What does a Data-driven Economy mission mean? In short: better service, mega-shift in productivity, sustainability through less waste and CO2, fact-based decisions, true single European market, global transparency and the end of grey economy.
What does a Data-driven Economy need? In short:
1. Data - eventually most of it structured, standardized, verified and delivered in Real Time - at its birth. Controlled by me (MyData.org) or me in my enterprise. Financial and administrative data have deep traditions here and will show
the path to all sectors. PSD2 was a true Pandora's box.
The Real Time Economy (RTE) program (public-private - established by Tieto in 2006 and now also adopted in REFIT by EU) aimed at improving productivity - especially in SME and public sectors. The first focus area was e-Invoicing, then upstream to procurement,
then downstream to automated accounting and now on e-receipt and automated real-time VAT reporting. An important achievement was the national income register (real-time tax reporting and taxation).
It soon became evident that all this also means much better service - for and by SMEs, for and by the public sectors. Naturally aiming at the end-user or employee - the citizen - Mr Same Guy - at home and at work.

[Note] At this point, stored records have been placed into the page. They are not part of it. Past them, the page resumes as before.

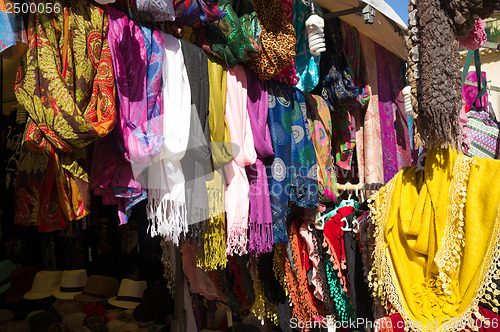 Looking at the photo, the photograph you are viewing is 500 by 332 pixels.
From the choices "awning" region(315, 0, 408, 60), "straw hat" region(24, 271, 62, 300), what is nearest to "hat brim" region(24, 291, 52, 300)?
"straw hat" region(24, 271, 62, 300)

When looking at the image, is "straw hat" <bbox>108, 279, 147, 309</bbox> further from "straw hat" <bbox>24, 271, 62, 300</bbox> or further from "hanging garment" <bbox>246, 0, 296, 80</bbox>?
"hanging garment" <bbox>246, 0, 296, 80</bbox>

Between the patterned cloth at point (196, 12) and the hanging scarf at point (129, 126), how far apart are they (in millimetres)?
235

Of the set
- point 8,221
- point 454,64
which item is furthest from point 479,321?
point 8,221

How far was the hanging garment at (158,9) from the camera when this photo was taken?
182cm

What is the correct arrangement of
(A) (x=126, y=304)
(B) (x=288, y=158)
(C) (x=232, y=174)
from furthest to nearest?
(A) (x=126, y=304), (B) (x=288, y=158), (C) (x=232, y=174)

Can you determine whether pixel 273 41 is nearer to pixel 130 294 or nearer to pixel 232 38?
pixel 232 38

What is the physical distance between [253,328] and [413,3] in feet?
7.33

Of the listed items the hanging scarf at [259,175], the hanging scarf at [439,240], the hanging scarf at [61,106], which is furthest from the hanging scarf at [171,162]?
the hanging scarf at [439,240]

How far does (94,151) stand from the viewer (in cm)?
180

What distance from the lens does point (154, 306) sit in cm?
314

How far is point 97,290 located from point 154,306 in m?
0.49

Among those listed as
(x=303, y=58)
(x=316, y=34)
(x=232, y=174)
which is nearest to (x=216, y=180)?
(x=232, y=174)

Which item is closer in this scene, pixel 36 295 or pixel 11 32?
pixel 11 32

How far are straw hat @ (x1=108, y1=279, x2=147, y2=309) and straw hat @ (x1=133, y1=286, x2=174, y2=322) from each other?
0.09 metres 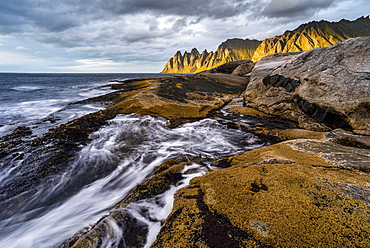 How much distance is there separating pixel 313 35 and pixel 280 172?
592 feet

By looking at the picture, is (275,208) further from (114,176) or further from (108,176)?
(108,176)

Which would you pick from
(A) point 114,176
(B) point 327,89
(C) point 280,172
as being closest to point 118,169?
(A) point 114,176

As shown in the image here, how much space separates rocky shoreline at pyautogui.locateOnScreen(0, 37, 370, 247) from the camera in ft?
6.47

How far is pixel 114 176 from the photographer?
4910 millimetres

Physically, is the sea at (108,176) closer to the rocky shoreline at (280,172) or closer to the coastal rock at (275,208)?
the rocky shoreline at (280,172)

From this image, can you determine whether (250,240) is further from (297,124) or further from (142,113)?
(142,113)

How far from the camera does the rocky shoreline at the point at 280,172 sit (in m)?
1.97

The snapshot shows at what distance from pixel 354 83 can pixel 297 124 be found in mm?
2421

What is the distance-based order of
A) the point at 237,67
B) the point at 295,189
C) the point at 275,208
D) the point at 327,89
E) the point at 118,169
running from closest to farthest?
the point at 275,208 < the point at 295,189 < the point at 118,169 < the point at 327,89 < the point at 237,67

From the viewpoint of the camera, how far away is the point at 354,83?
6.45 m

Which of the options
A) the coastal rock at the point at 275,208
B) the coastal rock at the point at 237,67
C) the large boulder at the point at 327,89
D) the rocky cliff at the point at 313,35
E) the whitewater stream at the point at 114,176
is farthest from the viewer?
the rocky cliff at the point at 313,35

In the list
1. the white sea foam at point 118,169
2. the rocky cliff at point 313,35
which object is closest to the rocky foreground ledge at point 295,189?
the white sea foam at point 118,169

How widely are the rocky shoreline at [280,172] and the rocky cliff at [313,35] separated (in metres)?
152

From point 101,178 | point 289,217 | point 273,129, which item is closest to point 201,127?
point 273,129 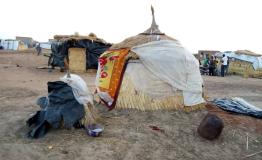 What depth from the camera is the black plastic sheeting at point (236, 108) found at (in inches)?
332

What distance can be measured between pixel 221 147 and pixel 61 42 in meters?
14.7

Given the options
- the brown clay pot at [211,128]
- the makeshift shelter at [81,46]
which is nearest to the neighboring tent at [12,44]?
the makeshift shelter at [81,46]

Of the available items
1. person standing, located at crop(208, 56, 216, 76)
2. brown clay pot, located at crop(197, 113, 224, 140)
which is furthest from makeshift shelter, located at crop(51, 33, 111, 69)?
brown clay pot, located at crop(197, 113, 224, 140)

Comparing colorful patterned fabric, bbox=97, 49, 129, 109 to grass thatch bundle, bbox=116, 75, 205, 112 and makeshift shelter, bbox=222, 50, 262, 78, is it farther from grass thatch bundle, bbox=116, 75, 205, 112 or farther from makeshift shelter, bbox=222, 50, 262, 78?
makeshift shelter, bbox=222, 50, 262, 78

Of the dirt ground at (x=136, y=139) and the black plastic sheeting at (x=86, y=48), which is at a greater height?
the black plastic sheeting at (x=86, y=48)

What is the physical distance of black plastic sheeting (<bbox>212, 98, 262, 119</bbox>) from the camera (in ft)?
27.7

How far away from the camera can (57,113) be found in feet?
22.3

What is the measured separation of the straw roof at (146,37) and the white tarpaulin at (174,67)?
0.68 feet

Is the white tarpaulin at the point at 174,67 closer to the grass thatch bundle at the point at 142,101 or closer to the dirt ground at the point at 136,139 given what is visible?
the grass thatch bundle at the point at 142,101

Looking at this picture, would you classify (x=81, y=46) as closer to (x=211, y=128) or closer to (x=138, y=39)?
(x=138, y=39)

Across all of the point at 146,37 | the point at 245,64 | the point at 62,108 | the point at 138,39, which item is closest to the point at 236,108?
the point at 146,37

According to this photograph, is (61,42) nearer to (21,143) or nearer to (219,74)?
(219,74)

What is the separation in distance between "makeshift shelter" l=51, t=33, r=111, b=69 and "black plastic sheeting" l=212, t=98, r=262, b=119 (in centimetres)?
1182

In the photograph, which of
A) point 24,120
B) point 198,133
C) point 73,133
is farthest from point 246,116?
point 24,120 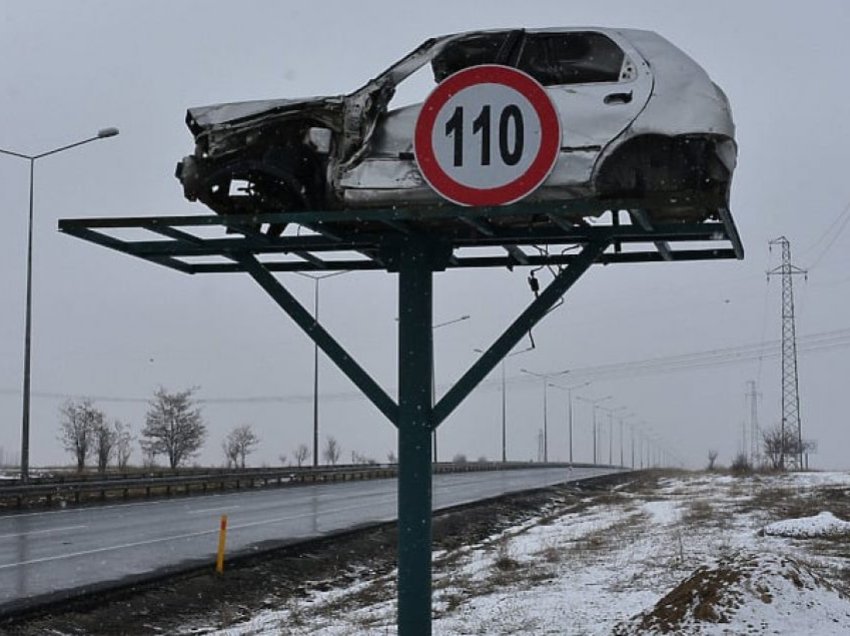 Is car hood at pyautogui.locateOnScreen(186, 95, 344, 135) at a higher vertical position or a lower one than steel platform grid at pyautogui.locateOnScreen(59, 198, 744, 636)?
higher

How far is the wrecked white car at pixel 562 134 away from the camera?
5820 mm

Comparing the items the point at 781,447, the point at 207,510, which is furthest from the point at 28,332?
the point at 781,447

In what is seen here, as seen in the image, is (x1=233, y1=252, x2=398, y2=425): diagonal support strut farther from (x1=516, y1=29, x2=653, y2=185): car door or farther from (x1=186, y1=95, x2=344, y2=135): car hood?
(x1=516, y1=29, x2=653, y2=185): car door

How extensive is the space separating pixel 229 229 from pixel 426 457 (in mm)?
1683

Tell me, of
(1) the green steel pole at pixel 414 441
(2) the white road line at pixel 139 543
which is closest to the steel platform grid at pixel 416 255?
(1) the green steel pole at pixel 414 441

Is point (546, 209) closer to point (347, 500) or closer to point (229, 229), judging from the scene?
point (229, 229)

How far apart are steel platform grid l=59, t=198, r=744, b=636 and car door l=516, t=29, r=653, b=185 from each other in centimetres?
34

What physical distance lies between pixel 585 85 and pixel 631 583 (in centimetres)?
746

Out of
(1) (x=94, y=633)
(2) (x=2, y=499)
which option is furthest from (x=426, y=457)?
(2) (x=2, y=499)

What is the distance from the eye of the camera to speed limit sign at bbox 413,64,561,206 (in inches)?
214

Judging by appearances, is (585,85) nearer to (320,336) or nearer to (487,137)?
(487,137)

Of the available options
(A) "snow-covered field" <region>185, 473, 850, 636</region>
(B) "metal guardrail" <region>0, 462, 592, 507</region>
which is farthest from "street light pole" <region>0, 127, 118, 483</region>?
(A) "snow-covered field" <region>185, 473, 850, 636</region>

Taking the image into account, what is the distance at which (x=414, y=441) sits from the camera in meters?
6.23

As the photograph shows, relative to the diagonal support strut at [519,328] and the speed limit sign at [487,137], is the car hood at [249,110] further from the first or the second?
the diagonal support strut at [519,328] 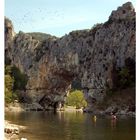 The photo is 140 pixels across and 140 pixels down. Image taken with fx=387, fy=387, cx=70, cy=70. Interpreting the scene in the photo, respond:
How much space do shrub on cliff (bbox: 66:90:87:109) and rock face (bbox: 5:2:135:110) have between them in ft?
6.80

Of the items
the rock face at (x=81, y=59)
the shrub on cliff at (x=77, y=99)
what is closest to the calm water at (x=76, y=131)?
the rock face at (x=81, y=59)

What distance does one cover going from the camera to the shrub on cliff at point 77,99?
140625 millimetres

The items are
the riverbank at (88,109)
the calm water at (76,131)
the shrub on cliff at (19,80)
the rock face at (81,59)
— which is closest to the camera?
the calm water at (76,131)

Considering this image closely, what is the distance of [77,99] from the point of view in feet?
467

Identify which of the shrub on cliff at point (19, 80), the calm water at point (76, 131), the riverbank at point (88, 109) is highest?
the shrub on cliff at point (19, 80)

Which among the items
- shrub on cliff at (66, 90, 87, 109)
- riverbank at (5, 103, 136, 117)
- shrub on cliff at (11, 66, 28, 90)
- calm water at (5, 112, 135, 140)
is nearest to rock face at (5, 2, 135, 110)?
shrub on cliff at (11, 66, 28, 90)

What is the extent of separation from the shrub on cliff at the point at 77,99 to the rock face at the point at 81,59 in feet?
6.80

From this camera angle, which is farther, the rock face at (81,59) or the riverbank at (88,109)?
the rock face at (81,59)

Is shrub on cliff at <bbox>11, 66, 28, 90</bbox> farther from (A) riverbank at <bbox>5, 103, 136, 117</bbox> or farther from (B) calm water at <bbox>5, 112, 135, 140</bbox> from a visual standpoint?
(B) calm water at <bbox>5, 112, 135, 140</bbox>

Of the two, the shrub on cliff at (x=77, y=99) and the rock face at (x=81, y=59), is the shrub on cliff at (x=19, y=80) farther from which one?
the shrub on cliff at (x=77, y=99)

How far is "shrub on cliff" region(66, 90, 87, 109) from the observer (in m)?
141

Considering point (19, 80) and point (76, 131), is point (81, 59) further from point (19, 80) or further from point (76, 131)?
point (76, 131)

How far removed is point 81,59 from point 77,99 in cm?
1486

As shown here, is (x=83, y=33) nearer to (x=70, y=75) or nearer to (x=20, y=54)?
(x=70, y=75)
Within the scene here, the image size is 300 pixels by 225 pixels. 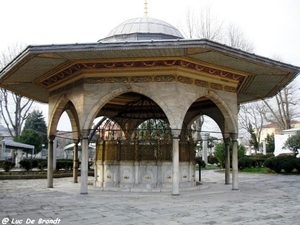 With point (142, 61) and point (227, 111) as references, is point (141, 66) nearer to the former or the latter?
point (142, 61)

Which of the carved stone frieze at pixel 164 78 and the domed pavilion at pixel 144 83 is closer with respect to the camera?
the domed pavilion at pixel 144 83

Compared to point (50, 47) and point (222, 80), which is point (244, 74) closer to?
point (222, 80)

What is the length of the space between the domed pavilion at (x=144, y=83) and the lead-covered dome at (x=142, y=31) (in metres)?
0.03

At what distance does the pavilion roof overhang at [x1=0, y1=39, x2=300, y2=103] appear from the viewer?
26.6 feet

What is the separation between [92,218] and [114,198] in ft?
9.03

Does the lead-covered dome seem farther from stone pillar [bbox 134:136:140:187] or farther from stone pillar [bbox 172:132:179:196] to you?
stone pillar [bbox 172:132:179:196]

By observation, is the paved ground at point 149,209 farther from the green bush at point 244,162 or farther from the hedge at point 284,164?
the green bush at point 244,162

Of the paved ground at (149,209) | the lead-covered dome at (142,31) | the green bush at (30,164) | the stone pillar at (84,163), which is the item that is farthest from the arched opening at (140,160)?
the green bush at (30,164)

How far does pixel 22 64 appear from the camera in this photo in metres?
9.38

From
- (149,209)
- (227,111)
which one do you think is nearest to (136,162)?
(227,111)

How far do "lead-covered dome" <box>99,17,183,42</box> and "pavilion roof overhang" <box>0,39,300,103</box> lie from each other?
231 centimetres

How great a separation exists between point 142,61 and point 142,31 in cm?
265

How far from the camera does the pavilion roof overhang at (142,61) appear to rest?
26.6ft

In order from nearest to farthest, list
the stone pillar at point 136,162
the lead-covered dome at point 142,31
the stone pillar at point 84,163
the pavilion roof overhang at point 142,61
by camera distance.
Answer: the pavilion roof overhang at point 142,61
the stone pillar at point 84,163
the stone pillar at point 136,162
the lead-covered dome at point 142,31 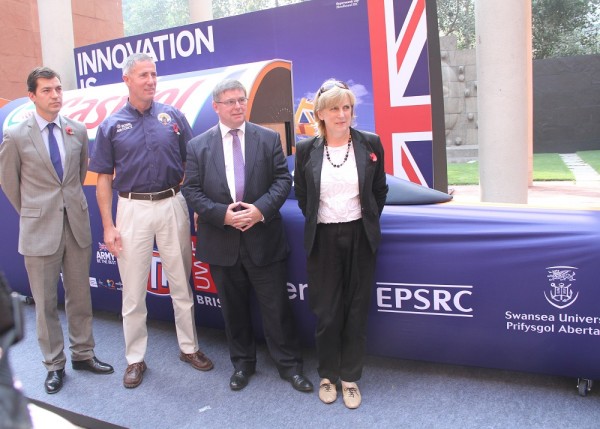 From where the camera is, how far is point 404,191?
2865 mm

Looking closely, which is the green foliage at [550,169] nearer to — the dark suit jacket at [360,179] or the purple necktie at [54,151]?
the dark suit jacket at [360,179]

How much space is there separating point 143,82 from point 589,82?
52.1 ft

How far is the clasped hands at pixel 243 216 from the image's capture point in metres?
2.62

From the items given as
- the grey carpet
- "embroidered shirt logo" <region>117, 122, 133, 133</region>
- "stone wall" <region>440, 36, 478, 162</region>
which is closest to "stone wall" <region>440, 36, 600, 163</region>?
"stone wall" <region>440, 36, 478, 162</region>

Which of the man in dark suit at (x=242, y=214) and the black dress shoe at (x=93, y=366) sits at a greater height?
the man in dark suit at (x=242, y=214)

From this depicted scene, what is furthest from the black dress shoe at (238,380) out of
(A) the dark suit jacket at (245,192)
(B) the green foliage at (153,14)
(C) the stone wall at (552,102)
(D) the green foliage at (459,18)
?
(B) the green foliage at (153,14)

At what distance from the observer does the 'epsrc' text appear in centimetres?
255

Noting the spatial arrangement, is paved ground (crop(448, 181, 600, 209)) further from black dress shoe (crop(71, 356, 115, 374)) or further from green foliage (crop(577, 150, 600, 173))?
black dress shoe (crop(71, 356, 115, 374))

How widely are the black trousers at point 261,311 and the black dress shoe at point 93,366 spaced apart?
31.1 inches

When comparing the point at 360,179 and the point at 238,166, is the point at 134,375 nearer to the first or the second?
the point at 238,166

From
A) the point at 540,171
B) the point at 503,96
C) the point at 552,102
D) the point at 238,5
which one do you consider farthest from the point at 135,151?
the point at 238,5

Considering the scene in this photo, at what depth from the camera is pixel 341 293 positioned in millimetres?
2613

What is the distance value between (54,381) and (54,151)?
49.9 inches

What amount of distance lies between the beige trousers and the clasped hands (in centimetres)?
49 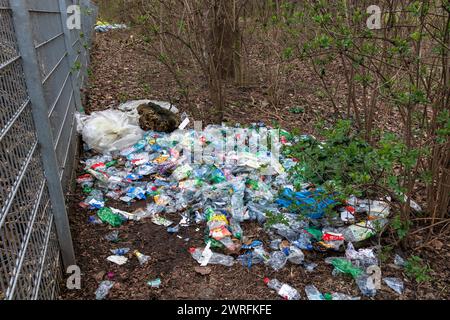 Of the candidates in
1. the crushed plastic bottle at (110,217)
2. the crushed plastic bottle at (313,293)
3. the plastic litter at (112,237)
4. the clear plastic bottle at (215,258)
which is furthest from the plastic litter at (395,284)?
the crushed plastic bottle at (110,217)

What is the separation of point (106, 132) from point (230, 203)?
2.11m

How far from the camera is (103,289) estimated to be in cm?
256

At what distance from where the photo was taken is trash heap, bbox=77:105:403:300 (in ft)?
9.37

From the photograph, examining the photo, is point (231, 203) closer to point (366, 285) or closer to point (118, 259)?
point (118, 259)

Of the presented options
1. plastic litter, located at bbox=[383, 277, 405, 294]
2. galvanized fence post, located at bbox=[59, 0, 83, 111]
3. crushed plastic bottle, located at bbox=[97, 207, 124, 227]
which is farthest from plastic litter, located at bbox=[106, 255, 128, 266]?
galvanized fence post, located at bbox=[59, 0, 83, 111]

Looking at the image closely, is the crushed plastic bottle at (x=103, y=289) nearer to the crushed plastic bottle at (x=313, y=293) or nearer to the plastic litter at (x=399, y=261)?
the crushed plastic bottle at (x=313, y=293)

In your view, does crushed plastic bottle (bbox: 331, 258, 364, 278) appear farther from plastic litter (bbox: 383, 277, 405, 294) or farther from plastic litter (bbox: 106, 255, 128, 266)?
plastic litter (bbox: 106, 255, 128, 266)

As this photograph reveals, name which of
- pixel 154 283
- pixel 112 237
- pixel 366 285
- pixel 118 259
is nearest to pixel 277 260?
→ pixel 366 285

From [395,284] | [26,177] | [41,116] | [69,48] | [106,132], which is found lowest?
[395,284]

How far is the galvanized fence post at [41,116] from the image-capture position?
202 cm

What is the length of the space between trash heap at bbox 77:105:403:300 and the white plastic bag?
26 mm

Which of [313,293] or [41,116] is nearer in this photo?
[41,116]

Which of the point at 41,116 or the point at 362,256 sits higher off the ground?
the point at 41,116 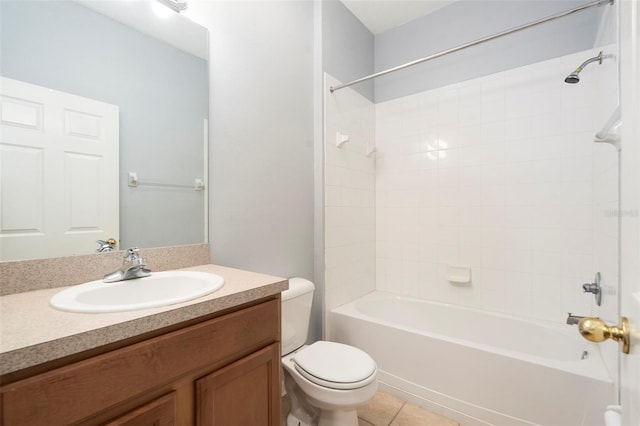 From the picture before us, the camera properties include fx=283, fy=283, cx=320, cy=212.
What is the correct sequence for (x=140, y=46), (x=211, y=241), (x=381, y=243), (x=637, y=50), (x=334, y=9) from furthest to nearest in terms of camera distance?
1. (x=381, y=243)
2. (x=334, y=9)
3. (x=211, y=241)
4. (x=140, y=46)
5. (x=637, y=50)

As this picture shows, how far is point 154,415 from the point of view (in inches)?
26.4

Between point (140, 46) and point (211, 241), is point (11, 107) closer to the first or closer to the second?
point (140, 46)

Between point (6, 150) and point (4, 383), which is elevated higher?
point (6, 150)

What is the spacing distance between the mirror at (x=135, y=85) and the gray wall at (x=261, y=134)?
98 mm

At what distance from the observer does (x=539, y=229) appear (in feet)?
6.17

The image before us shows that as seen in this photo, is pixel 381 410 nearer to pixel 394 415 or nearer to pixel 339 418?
pixel 394 415

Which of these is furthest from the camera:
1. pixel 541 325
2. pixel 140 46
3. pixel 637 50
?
pixel 541 325

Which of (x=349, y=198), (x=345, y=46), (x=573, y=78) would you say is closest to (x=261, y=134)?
(x=349, y=198)

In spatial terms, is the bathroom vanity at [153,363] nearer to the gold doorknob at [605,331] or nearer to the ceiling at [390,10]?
the gold doorknob at [605,331]

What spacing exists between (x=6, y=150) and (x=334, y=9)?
2.10 metres

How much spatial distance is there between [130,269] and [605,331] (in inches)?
51.2

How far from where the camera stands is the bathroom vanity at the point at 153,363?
524 millimetres

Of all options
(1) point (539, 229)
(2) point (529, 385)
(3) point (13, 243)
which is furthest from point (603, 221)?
(3) point (13, 243)

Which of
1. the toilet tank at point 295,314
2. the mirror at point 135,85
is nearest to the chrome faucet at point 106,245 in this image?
the mirror at point 135,85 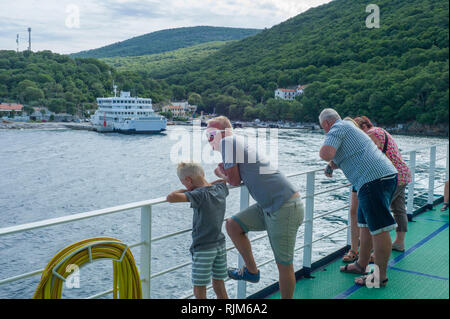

The next phase is to make much more use of the massive amounts of real-time data (in every purchase line, every salary, pension or social support payment line - not only the money but all the e-s - only CO2 missing? .. but all the data global regulation
has already brought to product packages..). For that we need more:
2. Algorithms. Nothing new as we know. They have already for ages been used to define the process for decision making - from simple business rules to highly complex decision engines that require greater involvement of data scientists in
tuning, maintenance and re-calibration. Typical for situations where the cost of slow decisions is not high, cost of wrong decisions is high, data size is small, or at least not too big, explainability is critical and industry environment is highly regulated
But now there is so much new verified and standardized data on offer that the scale and scope rise to new levels - and the speed can be increased. All supported by PSD2 thinking.
3. Artificial intelligence uses training data to make the decisions that algorithms prepare for. Typical for situations where cost of slow decisions is high (i.e. decision-making scenarios where speed is critical), cost of wrong decisions
is low, data size is too big for manual analysis or traditional algorithms, prediction accuracy is more important than explainability and regulatory requirements are less (2-3 as outlined by Dr. Mir Emad Mousavi).
Time will tell how much more machine-decisioning will grow when all sorts of data become available. The road forward is very much based on how much trust can be built. GDPR and MyData are central here. Then we can move from real-time to prescient.
4. Life-event driven service design. In today's world of information overflow, citizens have the right to expect delivery of data as GDPR promises - but not en masse - but access when needed and to their specific life events. All services
should aim at not serving the customer - but their life events. Some do it in their own specific area - others will be more general data service providers.
5. Progressive banks understanding customer value delivered by the economy of repetition, reuse, trust, scope, and scale. Banks have it all: the widest customer base, regulation, trust, global payment and trade finance network, PSD2, GDPR,
blockchain skills, ready services (e-id, e-invoicing, e-salary, e-payments, e-receipts..). They have the responsibility to use this pole position for society at large, customers (life-event driven services also for those not using the internet) and of course
It is their responsibility to step forward - using their role as ID-service providers towards Self-Sovereing Identity - and for politicians to ask them to do so. No other sector can make this all happen fast enough.
6. Politicians who understand the big picture and make bold decisions.
We need less nitty-gritty regulation and much more open data, standardization, and ambitious deadlines. Crucial importance for western economies - no space left for selfish suboptimization. Progressive enterprises see the picture - also by driving
new -much needed - and better regulation.